Clinical and research recommendations
For researchers using EHR-derived delirium outcomes:
– Consider analytic approaches that leverage item-level ICDSC and clinical covariates rather than relying solely on a cutoff-based ICDSC label.
– Report the delirium ascertainment algorithm and validation metrics so readers can assess potential misclassification bias.
– Prioritize external validation of prediction models across different institutions and documentation workflows.
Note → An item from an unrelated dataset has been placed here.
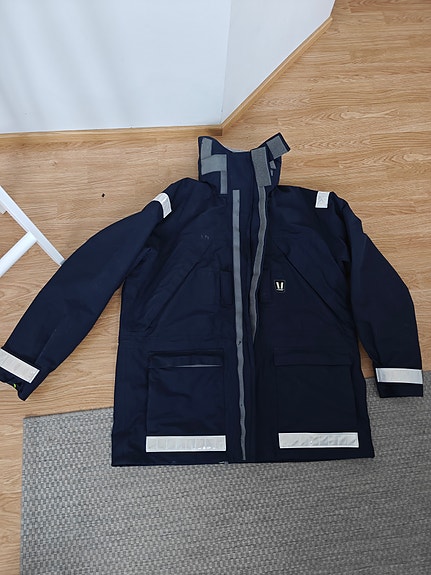 Product image 16 of 26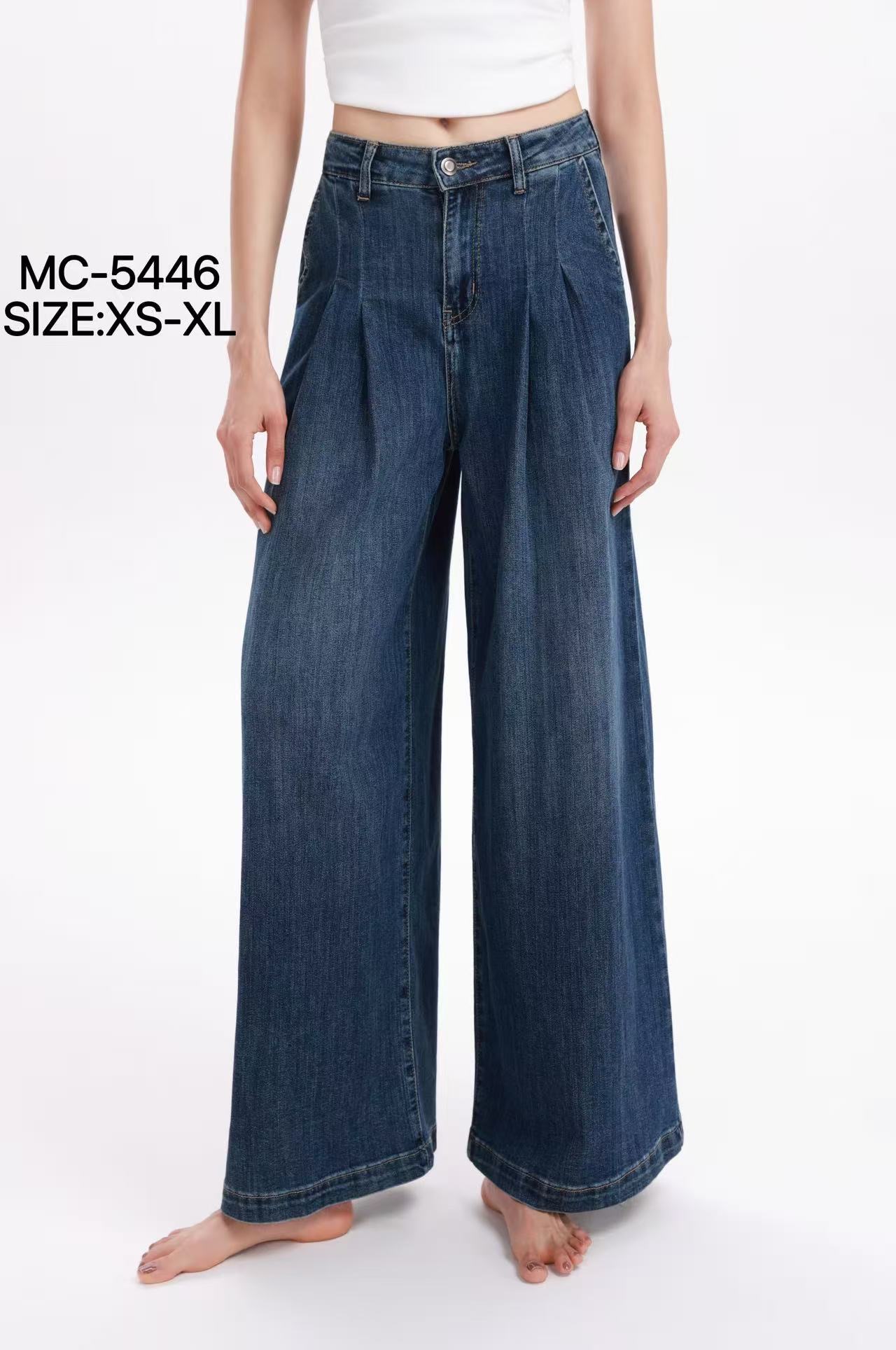 Pleated Wide-Leg Jeans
For clinicians and health systems:
– Reinforce training and quality assurance for bedside delirium screening, emphasizing both tool fidelity and documentation completeness.
– Where feasible, encourage storage of item-level ICDSC elements in the EHR to enable downstream analytic refinement.
– Use improved EHR-based phenotyping cautiously in real-time clinical decision support until prospective impact is established.
Conclusion
Toth and colleagues provide an important, pragmatic contribution to delirium measurement in the ICU. Their findings show that a model-based approach integrating nurse-documented ICDSC item data with simple clinical variables markedly improves agreement with researcher-administered CAM-ICU assessments. This strategy can enhance the utility of routine clinical documentation for research, quality improvement, and potentially for population-level surveillance, provided models are externally validated and their implementation is accompanied by continued attention to bedside screening quality.
Funding and clinicaltrials.gov
Funding and trial registration: Funding sources were not detailed in the provided summary. For complete disclosures, grant numbers, and trial registration (if applicable), consult the full article: Toth KM et al., Crit Care Med. 2025;53(12):e2516–e2525.
Selected references
– Toth KM, Aghababa Z, Kennedy JN, et al. Optimizing Agreement Between Bedside Nurse-Documented and Trained Researcher Delirium Assessments in the ICU. Crit Care Med. 2025;53(12):e2516–e2525.
– Devlin JW, Skrobik Y, Gélinas C, et al. Clinical Practice Guidelines for the Prevention and Management of Pain, Agitation/Sedation, Delirium, Immobility, and Sleep Disruption in Adult Patients in the ICU. Crit Care Med. 2018;46(9):e825–e873.
– Bergeron N, Dubois MJ, Dumont M, Dial S, Skrobik Y. The Intensive Care Delirium Screening Checklist: evaluation of a new screening tool. Intensive Care Med. 2001;27(5):859–864.
– Ely EW, Margolin R, Francis J, et al. Evaluation of delirium in critically ill patients: validation of the Confusion Assessment Method for the Intensive Care Unit (CAM-ICU). Crit Care Med. 2001;29(7):1370–1379.
– Pandharipande PP, Girard TD, Jackson JC, et al. Long-term cognitive impairment after critical illness. N Engl J Med. 2013;369(14):1306–1316.